Traffic signs have country specific standards with defined shapes and specific combination of colours. Despite that, there are 'N' number of factors that make the traffic sign recognition challenging.
« Previously: Solve TSR challenges
Here we discuss in detail the various challenges that we need to overcome to get an efficient traffic sign recognition (TSR) system that is not easily tricked.
One of the important challenges in all image processing algorithms is, to tackle illumination variation. The variation in illumination affects the true colour of the object, thereby reducing the quality of the colour features. Edges are very important for the detection of shapes. High illuminance, low illuminance and shadows affect the contrast of the image.
A pre-processing algorithm, which is invariant to illumination condition of the scene, is required in such a condition. The histogram distribution of luminance channel and statistical properties like 1st, 2nd and 3rd order moments can give insight into the illumination condition of an image. A contrast enhancement algorithm might also help boost up the edges. An illumination-invariant colour model like HSV can be used to maintain the colour information even in bad lighting condition, as shown in figure 2.
__Figure 2: __Two different channels of an image and their corresponding edge images using canny edge detection algorithm (thresholds used are same for both the images) .
The optical axis of the camera is not always aligned to the traffic signs. The difference in alignment imposes a perspective view to the captured images. The curves and uphill-downhill roads also create a perspective change in the scene and deformations are highly expected in such scenarios. Perspective view affects the shape of the object, for example; a circle will look like an ellipse in a different view and a regular hexagon might lose its regularity in a perspective view (see figure 3).
Figure 3: The circular sign in the image looks more elliptical in the image .
Shape feature should be robust enough to handle these deformations due to perspective view. The generalized Hough Transform can handle deformed circles to a great extent. The accumulator array creation and further filtering will accommodate the deformations and disconnected circles too.
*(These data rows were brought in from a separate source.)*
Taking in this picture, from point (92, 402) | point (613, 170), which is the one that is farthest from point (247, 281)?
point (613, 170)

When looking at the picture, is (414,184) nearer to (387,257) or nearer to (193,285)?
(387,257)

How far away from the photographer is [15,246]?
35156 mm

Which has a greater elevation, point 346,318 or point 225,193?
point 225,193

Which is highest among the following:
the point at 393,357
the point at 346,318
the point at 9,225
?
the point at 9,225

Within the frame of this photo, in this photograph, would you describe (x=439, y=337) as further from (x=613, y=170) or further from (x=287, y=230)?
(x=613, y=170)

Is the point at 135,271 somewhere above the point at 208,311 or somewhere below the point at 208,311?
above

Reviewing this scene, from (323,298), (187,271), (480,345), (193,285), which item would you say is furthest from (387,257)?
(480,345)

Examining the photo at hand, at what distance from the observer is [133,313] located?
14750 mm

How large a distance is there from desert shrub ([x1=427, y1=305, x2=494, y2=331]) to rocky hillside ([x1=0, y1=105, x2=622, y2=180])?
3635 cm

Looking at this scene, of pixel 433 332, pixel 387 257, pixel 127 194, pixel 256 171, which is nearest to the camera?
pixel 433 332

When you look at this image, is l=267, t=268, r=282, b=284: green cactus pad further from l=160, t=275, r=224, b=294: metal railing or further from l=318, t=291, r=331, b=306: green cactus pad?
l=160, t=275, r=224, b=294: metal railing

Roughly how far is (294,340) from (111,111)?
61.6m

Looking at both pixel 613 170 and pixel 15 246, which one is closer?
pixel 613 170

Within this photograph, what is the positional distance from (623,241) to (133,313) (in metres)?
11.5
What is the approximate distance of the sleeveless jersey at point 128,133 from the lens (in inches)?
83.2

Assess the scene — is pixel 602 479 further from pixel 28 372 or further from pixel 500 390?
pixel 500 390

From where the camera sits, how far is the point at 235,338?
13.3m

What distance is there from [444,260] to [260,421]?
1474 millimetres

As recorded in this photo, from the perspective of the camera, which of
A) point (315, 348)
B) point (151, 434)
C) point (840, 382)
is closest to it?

Scale invariant features like SIFT and SURF can also be used as a solution to get robust features in case of variation in size. Oriented FAST and Rotated BRIEF (ORB) is another technique that is widely being used as rotation and scale invariant feature. Local Energy based Shape Histogram (LESH) is a scale invariant shape-based feature for object recognition. Deformation invariant features are getting used with a strong classifier to solve the perspective correction problems.
Figure 4: Various deformation invariant features.